Ja, ich bin froh, wieder in unserem beschaulichen Dorf zu sein. Auch wenn es meinetwegen kein so herbstliches Setting sein muss. Die Tristesse beginnt spätestens dann, wenn der Blumenladen nur noch Alpenveilchen- und Heidekrautpflanzen anbietet, und ich mich dabei ertappe, aus Gründen fortwährend „Autumn Leaves“ zu summen. C’est une chanson qui nous ressemble. Moi, qui t’aimai, toi, qui m’aimais... la la la. 

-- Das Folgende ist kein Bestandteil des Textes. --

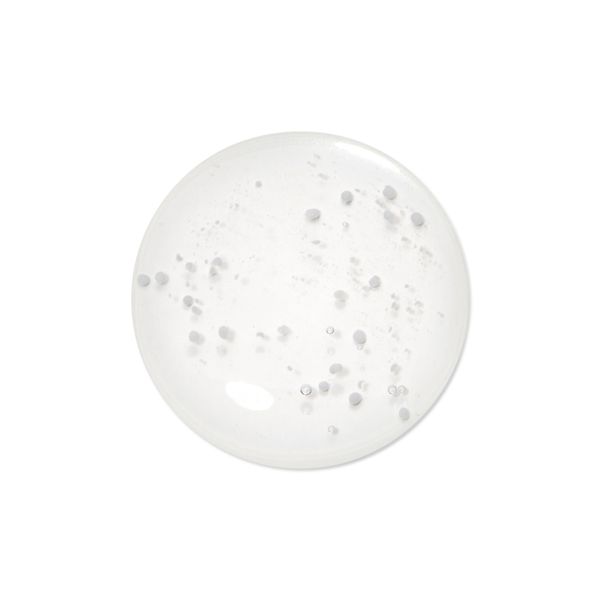 Hydra Brightening  capsule essence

Ich erfreue mich daran, wieder von Menschen umgeben zu sein, die gerade Sätze herausbekommen. Und ganz besonders daran, dass es sich um die eigenen Kinder handelt. Die Rückschau klingt hochnäsig und elitär, dabei ist sie nur realistisch. Es geht gar nicht darum, dass Bingoabende nicht die höchste Form der Unterhaltung seien. Ich zitiere auch nur, wenn ich sage, ein Tisch der Cafeteria hätte nicht mit „Kontaktgruppe Niere“ markiert sein sollen, sondern mit „Kontaktgruppe Psychatrie“. Ich hatte nicht damit gerechnet, während der Freizeit angeregte Diskussionen über Kierkegaard, Kant und die Kritik der reinen Vernunft zu führen. Aber eben auch nicht damit, dass mir dort so viel Kleingeist, Borniertheit und Ausländerfeindlichkeit begegnet. Anfangs habe ich noch auf sie eingeredet, Argumente gebracht. Durch die stetige Wiederkehr der gleichen krausen Ideen habe ich irgendwann erkannt, meine rhetorischen oder pädagogischen Fähigkeiten sind nicht ausreichend ausgebildet, um irgendetwas zu bewegen. Zugegeben, Bewegung fällt in der Reha schwer - und ganz besonders, wenn es mentale meint. Was mir wiederum bis heute nicht in den Kopf will, ist folgender Widerspruch: Ausländern immer und überall Schmarotzen vorzuwerfen, während man selbst mindestens drei Wochen in jedweder Hinsicht auf Kosten der Allgemeinheit lebt. Wenn ersteres zuträfe, müsste die ganze Bude doch voll mit Menschen mit Migrationshintergrund sein. Ist sie aber nicht. So überhaupt nicht. Ich behaupte, es sind mehr Sachsen als andere Ausländer in Damp. Wobei auch deren Anteil im einstelligen Bereich liegen dürfte.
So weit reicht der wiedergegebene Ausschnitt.